>>>>>

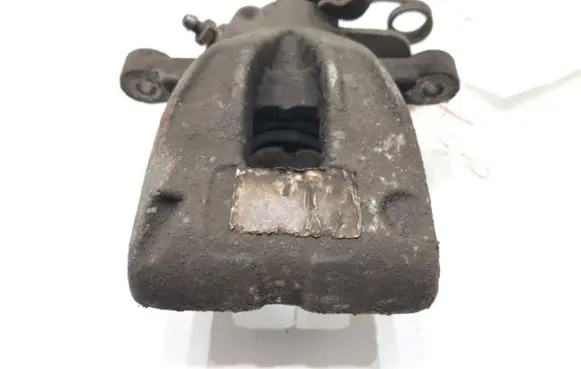 Citroen C4 I Rear brake caliper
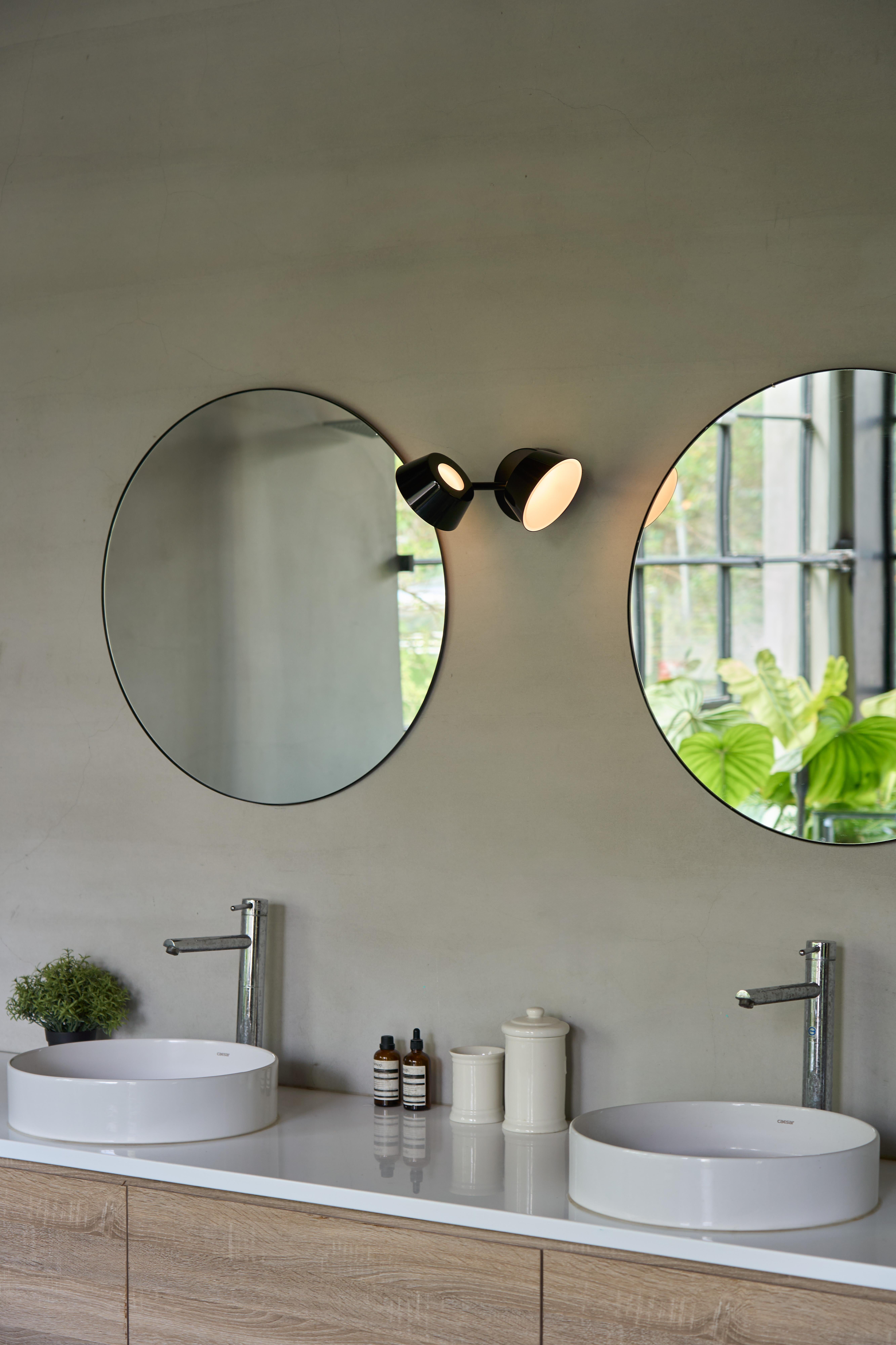 Aplique de pared OLO W2 en venta 2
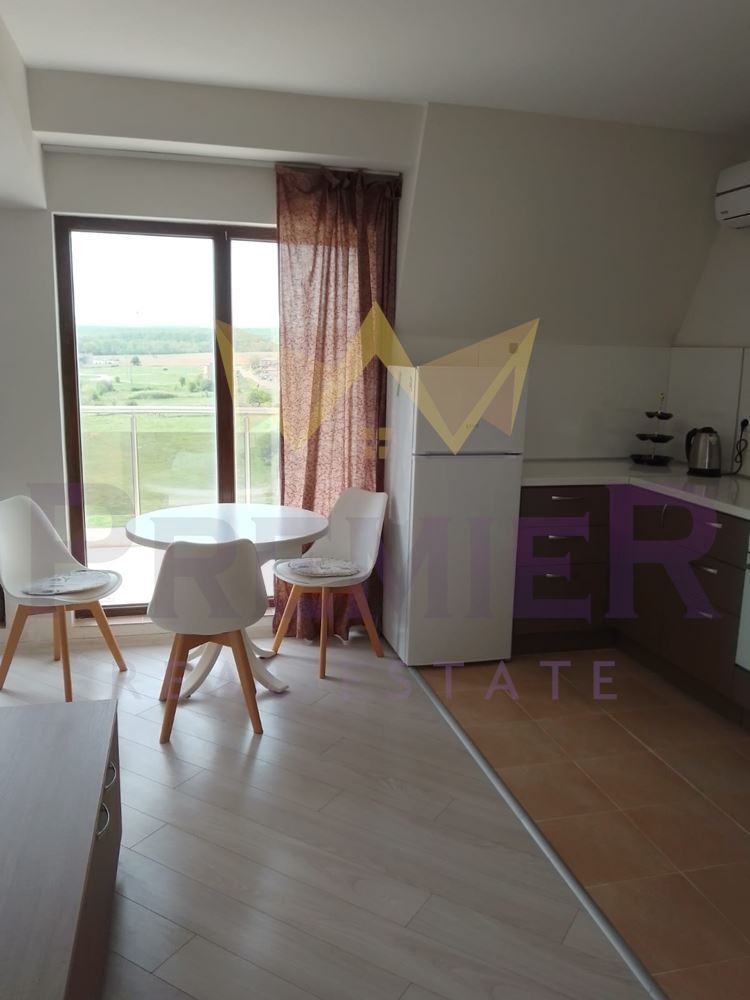 Продава 2-СТАЕН, с. Шкорпиловци, област Варна, снимка 4 - Апартаменти - 53416030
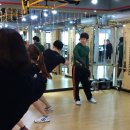 23기 Taebo 교육^^* 이미지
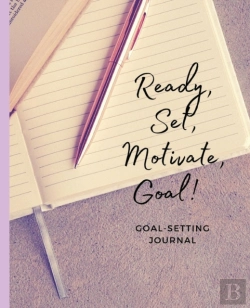Bertrand.pt - Ready, Set, Motivate, Goal!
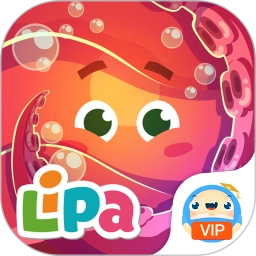lipa海盗冒险最新版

<<<<<

### Exercise brief
Could you print all of the entries exactly, skipping the images?

### Written answer
 Citroen C4 I Rear brake caliper
 Aplique de pared OLO W2 en venta 2
 Продава 2-СТАЕН, с. Шкорпиловци, област Варна, снимка 4 - Апартаменти - 53416030
 23기 Taebo 교육^^* 이미지
Bertrand.pt - Ready, Set, Motivate, Goal!
lipa海盗冒险最新版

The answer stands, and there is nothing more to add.